Winkler Prins

Anthony Winkler Prins (1870)

Gepubliceerd op 02-07-2018

Casuïstiek

betekenis & definitie

Casuïstiek noemde men in de voormalige godsdienstige zedeleer dat gedeelte, hetwelk zich bezig hield met de oplossing van zeer moeijelijke gewetensbezwaren in bepaalde gevallen, vooral bij een strijd van verschillende pligten.

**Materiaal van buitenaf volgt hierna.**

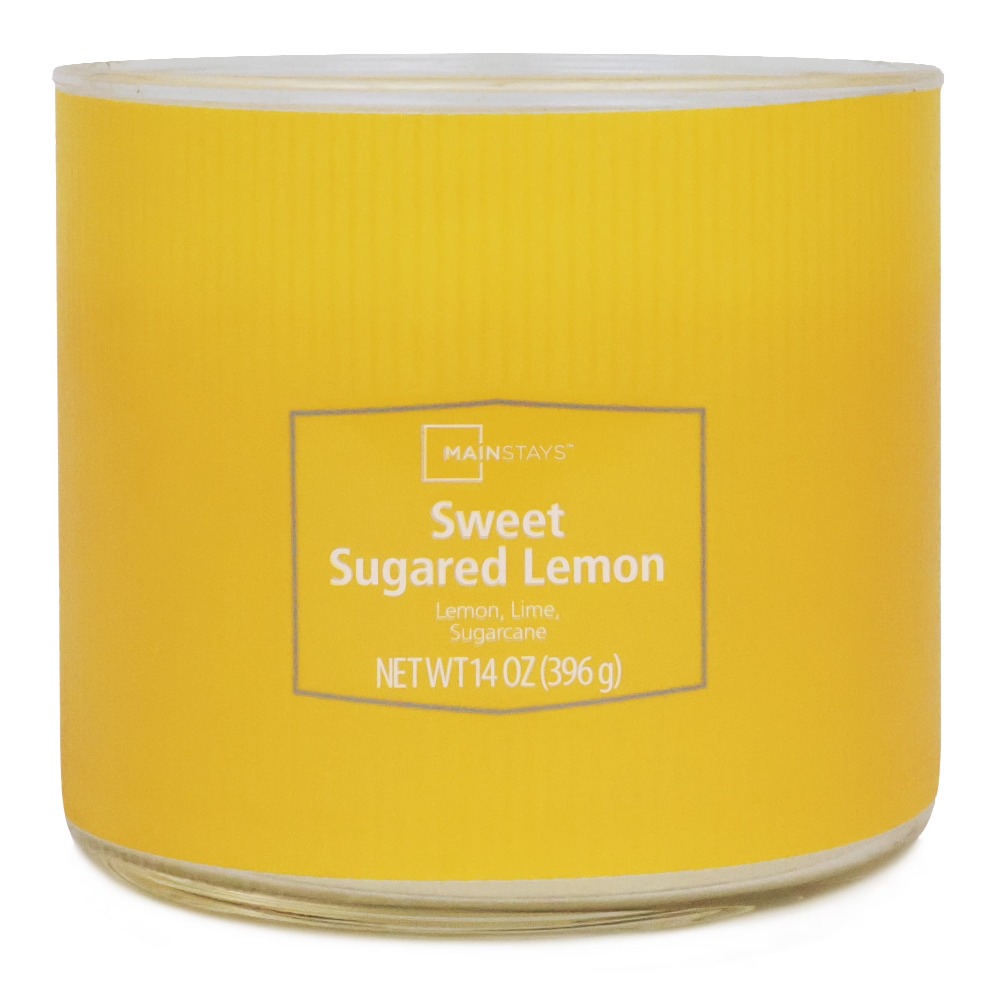 Sweet Sugared Lemon Scented Tr - đánh giá và giá Fragrance In Home
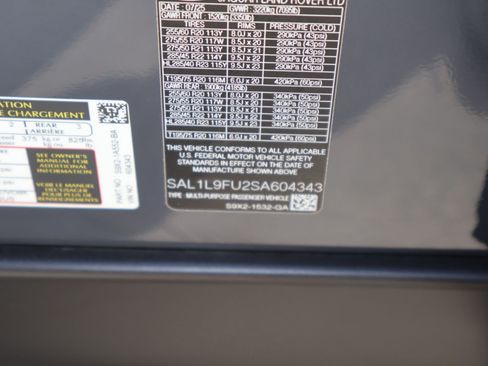 Used 2025 Land Rover Range Rover Sport Dynamic SE AWD/4WD image 33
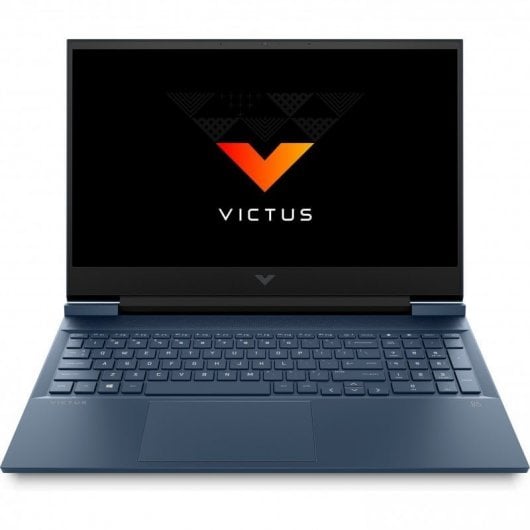 Ordinateurs Portables HP Victus 15 Gaming Tpn-Q279 Amd Ryzen 5 16 Go Ram 512 Go SSD 15.6"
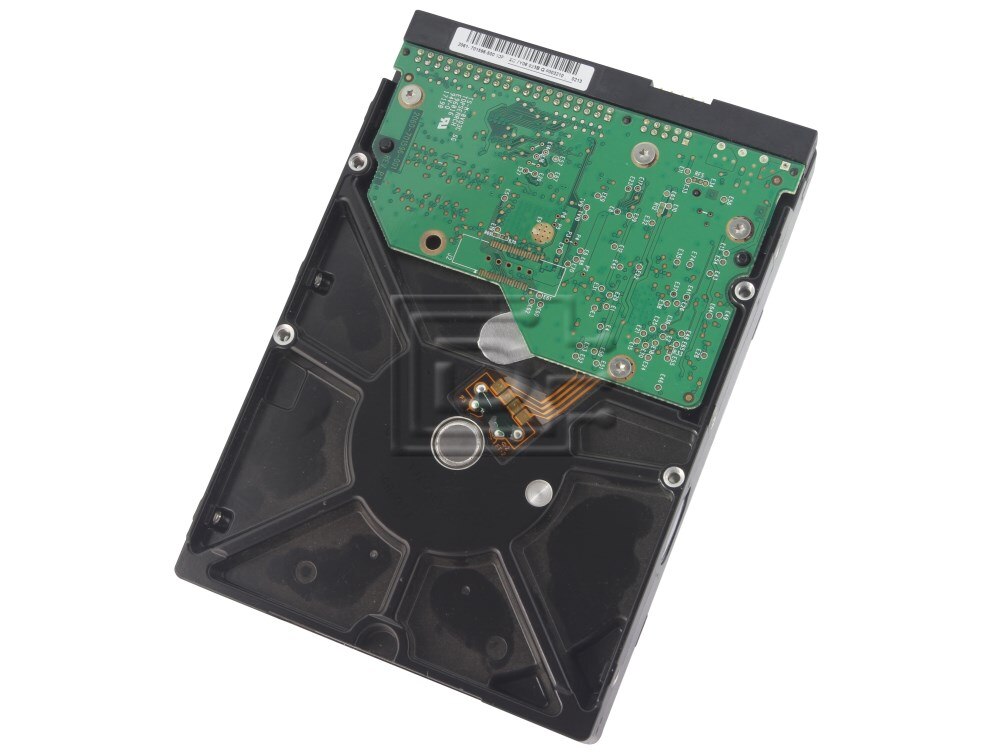 Western Digital WD5000AAKB IDE ATA/100 Hard Drive Image 2 image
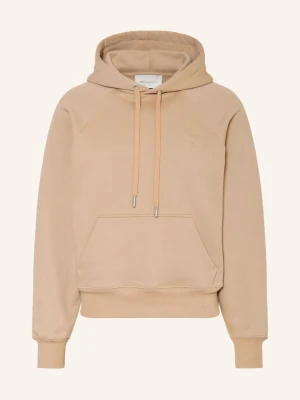 Ami Paris Bluza Z Kapturem beige
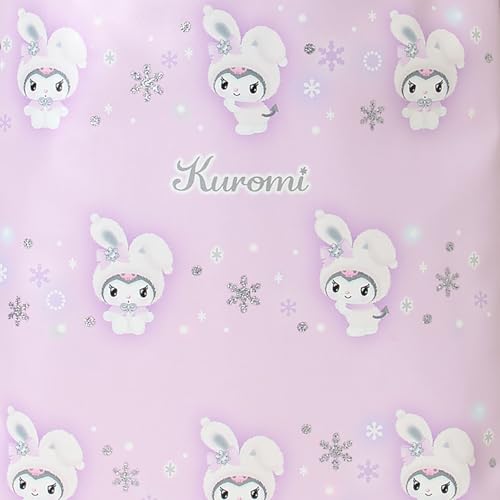 サンリオ(SANRIO) お菓子&手提げバッグ（雪うさぎ） クロミ クリスマス ギフト 248517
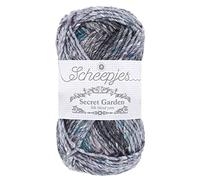 Scheepjes - Scheepjes 704 Lavanda Letti Segreto Giardino Filato - 1x50g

Men vindt reeds sporen van casuïstiek bij de Stoïcijnen, maar zij ontwikkelde zich vooral bij de Talmudisten, bij de middeleeuwsche schrijvers over zedeleer, zooals blijkt uit de „Summa Raymundiana”, de „Summa Astesana” en de „Summa Bartholina”, door de godgeleerden Raymundus de Pennaforti, Astesanus en Bartholomaeus opgesteld. Onder de Jezuïeten zijn Escobar, Sanchez, Busembaum en anderen als casuïsten beroemd, en men moet inderdaad de scherpzinnigheid bewonderen, waarmede zij allerlei moeijelijke gevallen hebben bedacht en opgelost.

De casuïstiek heeft echter voor de zedeleer al hare waarde verloren, toen men inzag, dat het goede of kwade eener daad alleen gelegen is in de gezindheid en de bedoeling, waarmede zij volbragt wordt. Wie op het gebied der zedelijkheid bij het uitwendige blijft staan, gelijkt op den geneesheer, die zich bij de verschijnselen eener ziekte bepaalt zonder zich om haren zetel te bekreunen. Voorts behoeven wij naauwelijks te zeggen, dat alle goede daden uit eigenbelang nagevolgd kunnen worden, maar dan ook het karakter van goed verliezen. De casuïstiek, die op waarneming van het uitwendige rust, kan dus geene algemeene regels voor het leven verschaffen.